# TASK TO COMPLETE:
No pictures, please: print exactly the lines from the one that contains "makro, osa pospolita #makro #OsaPospolita" through the last line of the listing.

# AVAILABLE DATA:
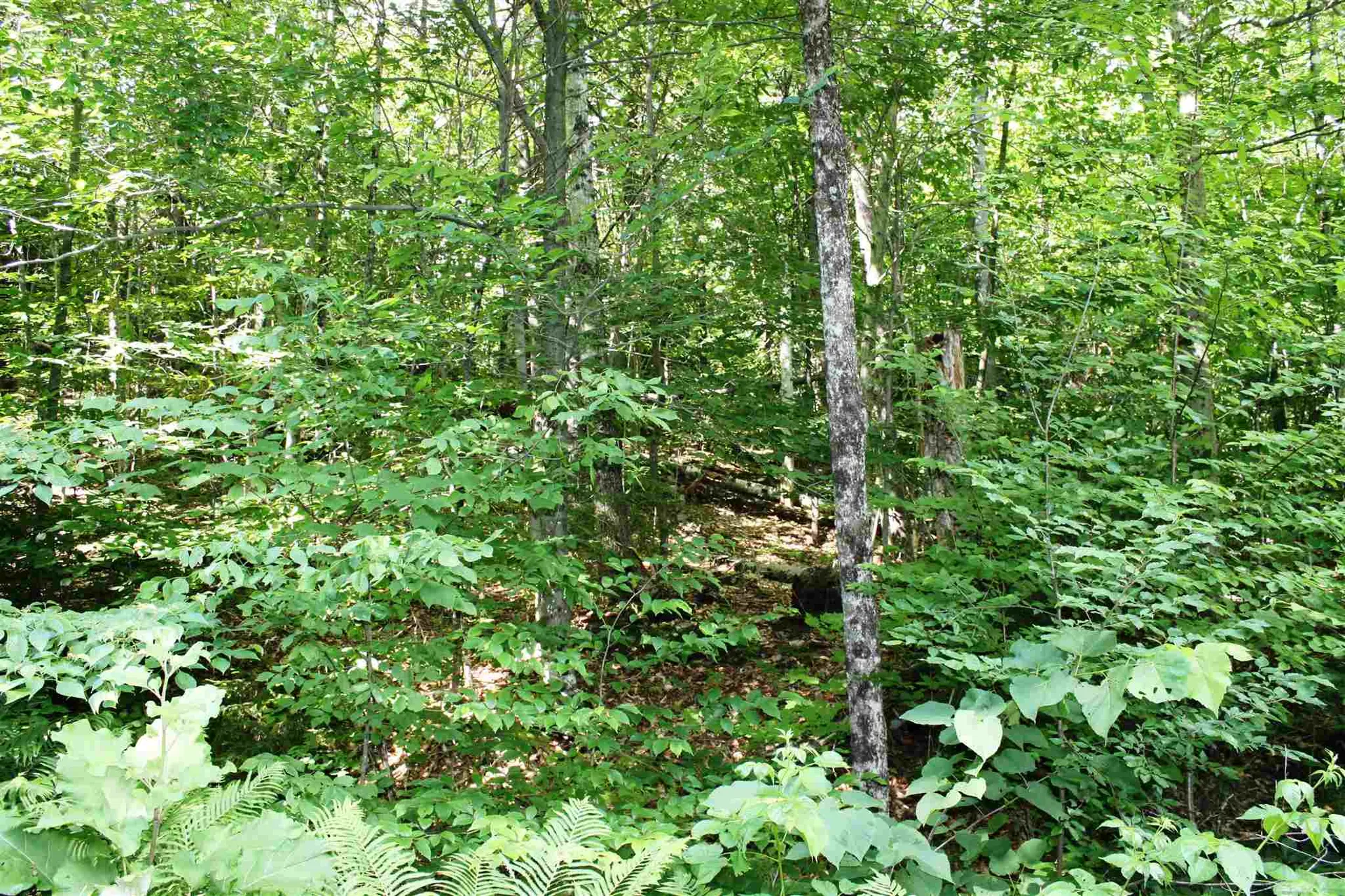 00 Old Mount Hunger Road Barnard VT 05031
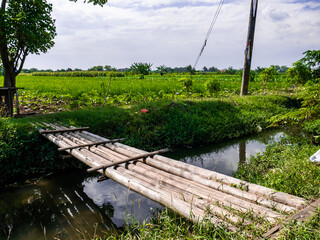 Wall Mural - simple bamboo bridge with rice fields and white clouds in the background
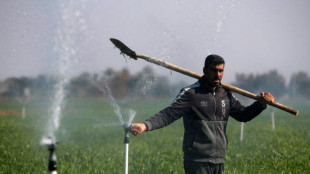 Dans un Irak asséché, l'irrigation moderne pour sauver l'agriculture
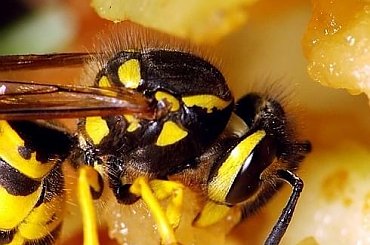 makro, osa pospolita #makro #OsaPospolita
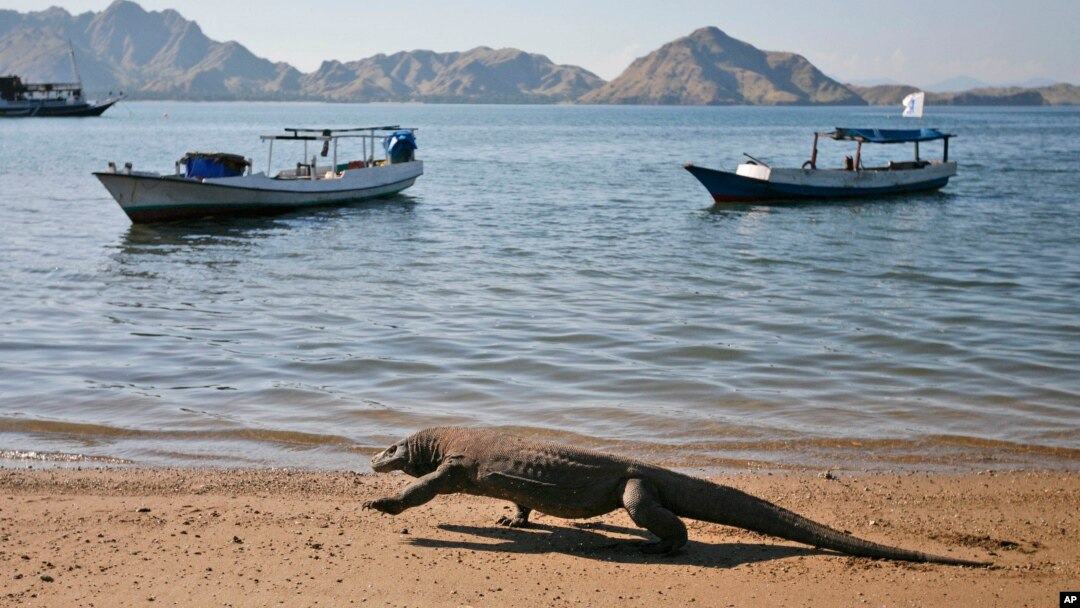 FILE - A Komodo dragon walks on a beach on Komodo island, Indonesia, Thursday, April 30, 2009. (AP Photo/Dita Alangkara)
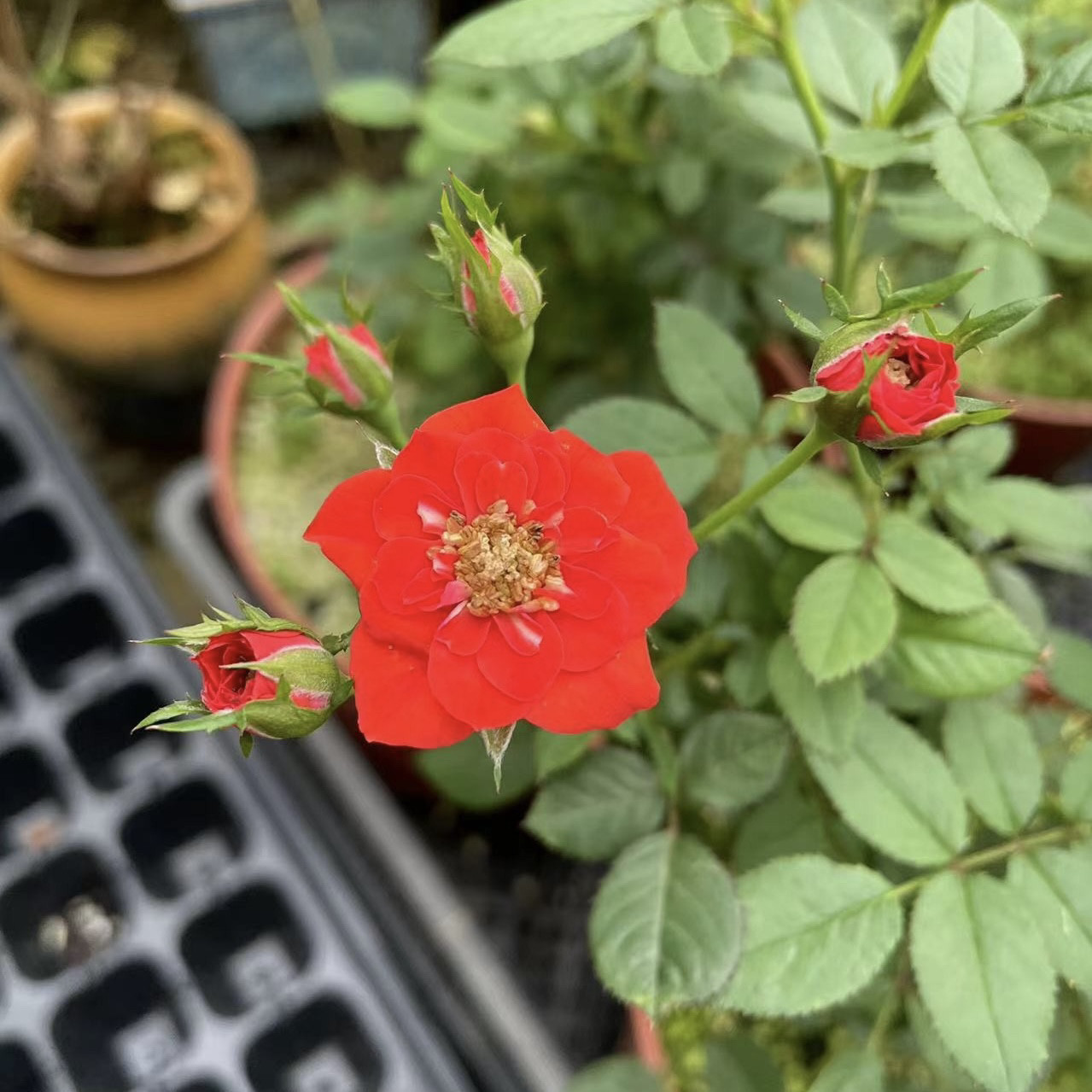 日本新品姬红贵月季四季开花带花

# SOLVED PROBLEM:
 makro, osa pospolita #makro #OsaPospolita
 FILE - A Komodo dragon walks on a beach on Komodo island, Indonesia, Thursday, April 30, 2009. (AP Photo/Dita Alangkara)
 日本新品姬红贵月季四季开花带花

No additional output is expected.